Entries provided:
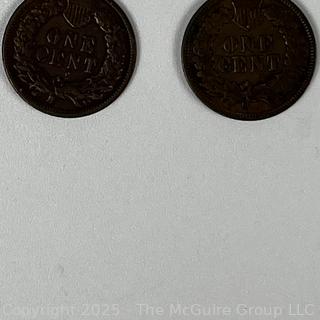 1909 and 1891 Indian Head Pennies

* * *

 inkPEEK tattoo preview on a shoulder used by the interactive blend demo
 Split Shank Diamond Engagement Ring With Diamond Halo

What the exercise asks:
Go through the listing above and write out exactly the lines starting with the one holding "inkPEEK tattoo preview" and running through the one holding "Split Shank Diamond", ends included, and no others.

Response:
 inkPEEK tattoo preview on a shoulder used by the interactive blend demo
 Split Shank Diamond Engagement Ring With Diamond Halo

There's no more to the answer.